On August 24, 2009 documentary filmmaker Thomas Allen Harris and his team headed to Boston to carry on the next leg of the their community outreach project Digital Diaspora Family Reunion. From Harris’ use of archives to stimulate new ways of looking at his community and the world explored in his own documentary films stemmed a desire to open up a space for the African American community to connect with their own family archives. DDFR asks members of various communities to pull from their own collection of photographs and memories to share their family stories and claim their space in this country’s history. The idea is to create a new way of thinking about African American experience in the US and worldwide – a way of taking from the past in order to create a new future. Within the history of media in this country, African Americans like many minorities in America have rarely found authentic and diverse representations of themselves and their own stories. In a attempt to bridge this huge gap in the country’s media records of the past, Harris has traveled to several destinations in the US including Atlanta, Maryland, and now Boston to engage with their personal and collective history through family archives and stories.
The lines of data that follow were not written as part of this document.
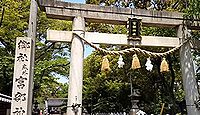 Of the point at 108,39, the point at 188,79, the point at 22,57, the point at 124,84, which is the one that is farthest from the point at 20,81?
the point at 124,84

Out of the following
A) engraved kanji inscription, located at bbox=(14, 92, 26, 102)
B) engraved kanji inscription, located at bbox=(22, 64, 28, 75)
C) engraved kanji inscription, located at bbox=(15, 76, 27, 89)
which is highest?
engraved kanji inscription, located at bbox=(22, 64, 28, 75)

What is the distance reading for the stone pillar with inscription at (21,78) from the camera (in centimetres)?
675

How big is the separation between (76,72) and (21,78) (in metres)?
2.35

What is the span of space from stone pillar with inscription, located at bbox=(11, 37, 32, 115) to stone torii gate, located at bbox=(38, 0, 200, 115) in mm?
2125

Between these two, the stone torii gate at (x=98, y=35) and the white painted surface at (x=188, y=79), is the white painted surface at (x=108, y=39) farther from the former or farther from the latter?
the white painted surface at (x=188, y=79)

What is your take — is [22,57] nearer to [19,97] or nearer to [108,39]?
[19,97]

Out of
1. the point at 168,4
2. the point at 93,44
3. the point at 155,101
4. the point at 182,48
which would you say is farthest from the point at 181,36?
the point at 155,101

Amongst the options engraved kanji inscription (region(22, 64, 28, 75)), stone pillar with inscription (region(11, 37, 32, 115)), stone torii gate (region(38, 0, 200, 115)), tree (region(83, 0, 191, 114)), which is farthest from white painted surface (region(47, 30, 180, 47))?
tree (region(83, 0, 191, 114))

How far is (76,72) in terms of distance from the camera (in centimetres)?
902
Boston served as an ideal setting to dig deeper and further into the Black American past. As one of the oldest cities in the country, this state capital has gained particular significance in Afro-American history and culture, ever since the first Africans entered the region in the 1700s. The timing seemed just right, when the National Alliance for Media Arts and Culture asked Harris to join them as a contributor for their annual conference in Boston, the theme of which was Commonwealth, a topic chosen because of great change, we as a nation and world are experiencing. This theme was used to explore the ideas of “collaboration, common spaces, public funding ownership, and democratic participation.”
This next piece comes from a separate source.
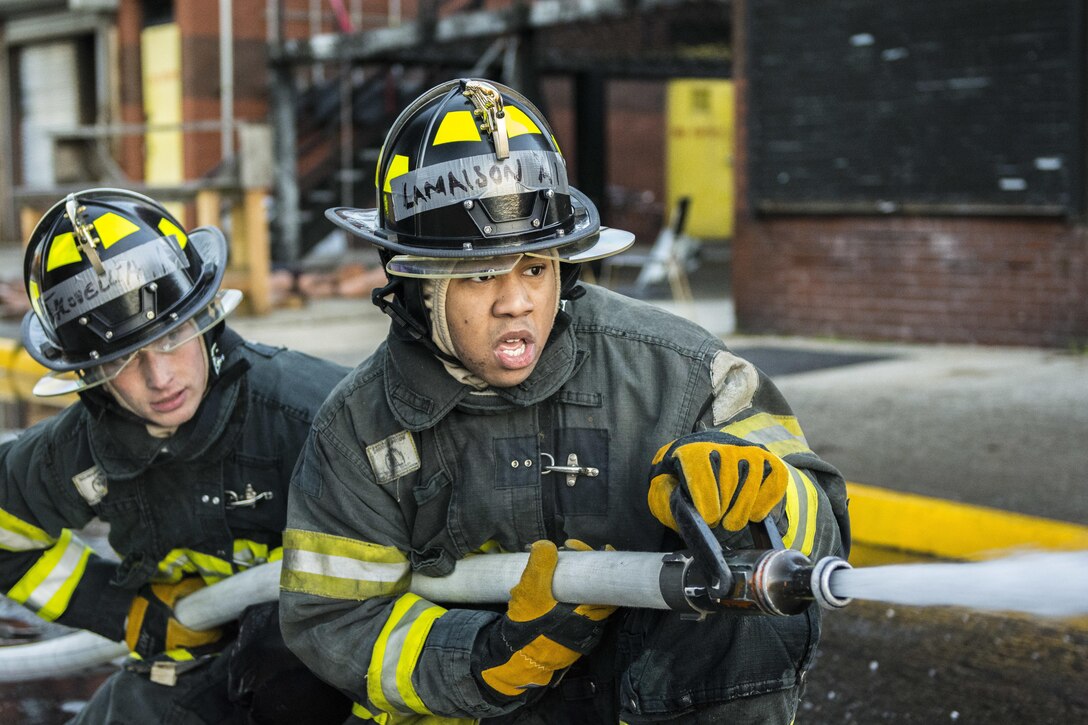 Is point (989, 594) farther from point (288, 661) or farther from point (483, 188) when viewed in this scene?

At the conference Harris presented the Digital Diaspora Family Reunion project, and demonstrated how new and traditional media can be merged and used to engage audiences in the experience of connecting with the larger community and shared history. By asking the audience to participate and “use their own materials,” he explained, “the goal is to ultimately create a richer and more holistic product.”
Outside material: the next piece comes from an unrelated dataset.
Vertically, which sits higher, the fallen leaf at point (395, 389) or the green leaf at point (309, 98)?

With much help from the conference leaders as well as local media support, a request was then sent out to the people of Boston to participate in Digital Diaspora Family Reunion project. A temporary station was set up at Emerson College to take in interviewees, owing to the generous co-operation of the team’s liaison Anna Feder.
While at the NAMAC conference Harris also participated in a panel discussion, about the future of art and media, and it’s growing collaboration with the public titled “The People Formerly Known As The Audience.” The panel consisted of Brian Reich, author of Media Rules!: Mastering Today’s Technology to Connect With and Keep Your Audience. Adrienne Russell, Board of Directors of Denver Open Media, and Professor of Digital Media Studies at the University of Denver, as well as Lina Srivastava, the Principal of Lina Srivastava Consulting, LLC. Jessica Clark, who directs the Center for Social Media’s Future of Public Media Project, moderated this panel of established, lauded media professionals.